Pico de Gallo has two meanings in Mexican cuisine. The most familiar to North Americans is a fresh, tomato-based salad. It is what North Americans usually mean when talking about "ensalada" or "tomato ensalada." This ensalada is never cooked.
The second meaning, more common in some regions of Mexico, is a spice mixture including salt and dried chiles which is served, often with lime juice, over fresh fruit.
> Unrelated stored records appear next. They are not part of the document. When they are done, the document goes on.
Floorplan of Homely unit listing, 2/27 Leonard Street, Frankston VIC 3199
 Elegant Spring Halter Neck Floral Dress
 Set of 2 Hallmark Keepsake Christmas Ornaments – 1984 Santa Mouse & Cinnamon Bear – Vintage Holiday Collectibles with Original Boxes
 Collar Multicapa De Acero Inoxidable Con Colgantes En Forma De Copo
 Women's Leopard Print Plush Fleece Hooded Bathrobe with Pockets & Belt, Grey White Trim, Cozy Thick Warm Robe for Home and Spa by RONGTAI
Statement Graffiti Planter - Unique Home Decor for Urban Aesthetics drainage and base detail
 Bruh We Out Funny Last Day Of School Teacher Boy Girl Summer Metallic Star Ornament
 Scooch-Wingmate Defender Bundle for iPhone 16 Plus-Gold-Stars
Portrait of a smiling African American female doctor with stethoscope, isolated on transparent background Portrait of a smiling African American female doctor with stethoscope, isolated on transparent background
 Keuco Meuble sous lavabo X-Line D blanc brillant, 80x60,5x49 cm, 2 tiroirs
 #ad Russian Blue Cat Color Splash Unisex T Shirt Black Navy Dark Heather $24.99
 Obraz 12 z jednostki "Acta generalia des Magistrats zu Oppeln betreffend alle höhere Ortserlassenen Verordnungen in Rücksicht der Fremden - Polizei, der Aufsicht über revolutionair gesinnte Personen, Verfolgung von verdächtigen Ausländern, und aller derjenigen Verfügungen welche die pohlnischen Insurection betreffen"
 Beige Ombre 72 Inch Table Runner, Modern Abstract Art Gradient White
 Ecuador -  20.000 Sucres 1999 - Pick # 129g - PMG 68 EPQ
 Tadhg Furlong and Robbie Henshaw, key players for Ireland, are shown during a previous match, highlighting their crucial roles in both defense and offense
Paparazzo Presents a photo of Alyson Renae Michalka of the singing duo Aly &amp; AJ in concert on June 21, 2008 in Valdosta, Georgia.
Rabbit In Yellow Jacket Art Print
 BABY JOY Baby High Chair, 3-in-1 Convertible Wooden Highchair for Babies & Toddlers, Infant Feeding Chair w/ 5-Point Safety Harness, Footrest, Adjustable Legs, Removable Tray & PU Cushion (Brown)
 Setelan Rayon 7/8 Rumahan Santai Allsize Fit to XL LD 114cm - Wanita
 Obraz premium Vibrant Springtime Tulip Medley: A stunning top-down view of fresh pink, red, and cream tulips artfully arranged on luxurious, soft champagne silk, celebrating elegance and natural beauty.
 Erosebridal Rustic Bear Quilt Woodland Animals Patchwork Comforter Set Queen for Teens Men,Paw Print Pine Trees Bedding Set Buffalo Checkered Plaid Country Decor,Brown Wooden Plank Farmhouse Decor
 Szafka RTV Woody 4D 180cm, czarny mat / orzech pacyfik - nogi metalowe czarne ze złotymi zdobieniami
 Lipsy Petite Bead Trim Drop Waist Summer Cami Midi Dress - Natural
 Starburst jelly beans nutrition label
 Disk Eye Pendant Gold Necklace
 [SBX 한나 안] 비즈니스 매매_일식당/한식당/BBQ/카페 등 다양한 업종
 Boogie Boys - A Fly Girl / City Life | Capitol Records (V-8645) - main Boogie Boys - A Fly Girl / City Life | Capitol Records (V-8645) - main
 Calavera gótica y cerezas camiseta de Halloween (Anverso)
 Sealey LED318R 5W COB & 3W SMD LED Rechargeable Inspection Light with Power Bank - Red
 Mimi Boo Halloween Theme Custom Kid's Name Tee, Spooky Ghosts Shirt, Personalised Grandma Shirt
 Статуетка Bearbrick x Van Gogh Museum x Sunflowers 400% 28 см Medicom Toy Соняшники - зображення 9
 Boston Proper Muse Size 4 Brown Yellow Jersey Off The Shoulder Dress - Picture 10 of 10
If you are unfamiliar with the regional origin of a recipe involving pico de gallo, context may be the only way to determine which meaning is intended, though for US-Mex dishes the "uncooked salsa" meaning will almost always be correct.
- 2 cups chopped fresh tomato
- ½ cup chopped white or yellow onion
- 2 tablespoons chopped cilantro
- ½ teaspoon salt
- 2 teaspoons freshly squeezed lemon juice
- 250 g shrimp shoddy headless
- 2 avocados
- 1 teaspoon ground black pepper
- 1 ½ tablespoons stemmed, seeded, and minced jalapeño or other chiles
- 1 small clove of garlic, minced
- hot sauce, to taste
- Wash the vegetables and cilantro.
- Dice the vegetables.
- Combine them, mixing well.
- Add salt, pepper, chiles, lime juice, and garlic.
- Add hot sauce if desired.
- Let stand 30 minutes to allow ingredients to mesh.